Background and Influences
Born in Nebraska but raised in Texas, Schnase received undergraduate degrees in biology and computer science as well as a master’s in biology, before juggling medical school and work at the University of Texas MD Anderson Cancer Institute. But after deciding his heart was in biology, he returned to the field to study birds –– only to fall in love with computer science.
“I bounced around a lot, but eventually pulled it together and finished a doctorate in computer science at Texas A&M University. I entered the field as industry and technology were taking an exciting new turn; people were becoming more interconnected,” he explains.
Today, Schnase works to put climate model data into practical use, for scientific research and other applications. As he describes it, “The data coming out of our climate simulations contain hundreds of variables describing the state of the climate — variables such as precipitation, temperature, wind direction and speed, humidity — and each is associated with a particular time and place, in the past and in the future.”
“If you’d like to know what the average afternoon temperature was in Nebraska during the month of July in 1983, it can be found in one of our datasets. Want to know what it might be in 2033, we have that too — although comparing the two values might be upsetting,” he says with a smile. “The point is, these are incredibly important types of data, and they’re potentially useful to many people.”

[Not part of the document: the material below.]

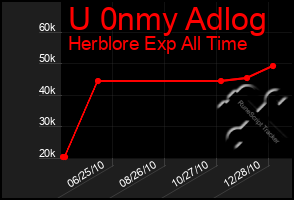 Total Graph of U 0nmy Adlog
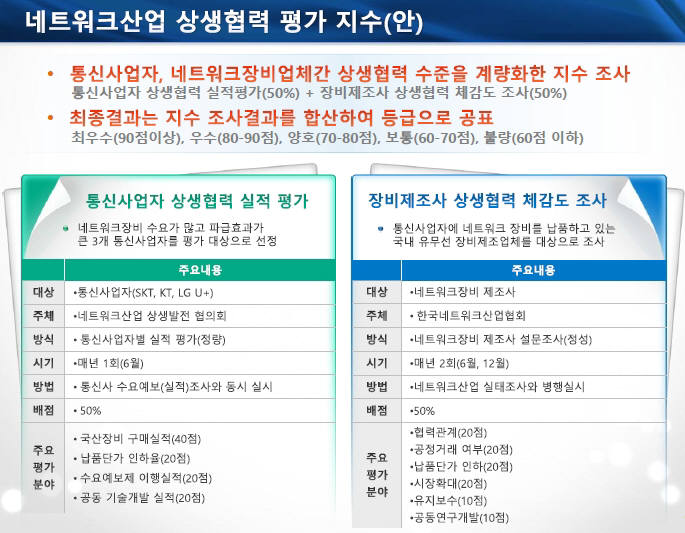 통신사업자와 중소 장비업계 간 상생을 위한 `상생협력평가지수` 초안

As for what nudged him into bridging the worlds of biology and computer science, Schnase, again with good humor, credits Texas and the bird he has studied for many years: Cassin’s Sparrow. “When I was a child I fell in love with this secretive, little bird. It lives in a very restricted range and spends most of its life on the ground. But during the breeding season, males perform a spectacular skylark display where they launch themselves into the air and sing this beautiful song while they flutter their wings and fly back to the ground. Even though they’re almost impossible to observe, I was able to work out their natural history by modeling their energy requirements. That’s how I discovered computers,” he reflects.
Students and ABET
He credits ABET with helping him stay in touch with the academic world, which is important given that he works in a government research lab. It also gives Schnase a chance to fulfill his desire to give back. “I feel that I’m helping the next generation of computer scientists get high quality training so that when they enter the workforce — whether it’s working for the government or the private sector — they can be confident that they’ve spent their money well, received a good education, and are prepared to do good work,” he says.
When asked how confidence affects his life in the workforce, Schnase gave a slight pause before tugging at the brim of his NASA cap and flashing a smile. “Where I work, you’re surrounded by very bright people working on very hard problems. I feel lucky to be there. I think confidence at NASA isn’t about certainty, or knowing it all, or always being there with the right answer. It’s more about a feeling of self-assurance — that your training is solid and your efforts are in earnest. It’s about doing your best.”
— John Schnase also serves on the Executive Committee of ABET’s Computing Accreditation Commission.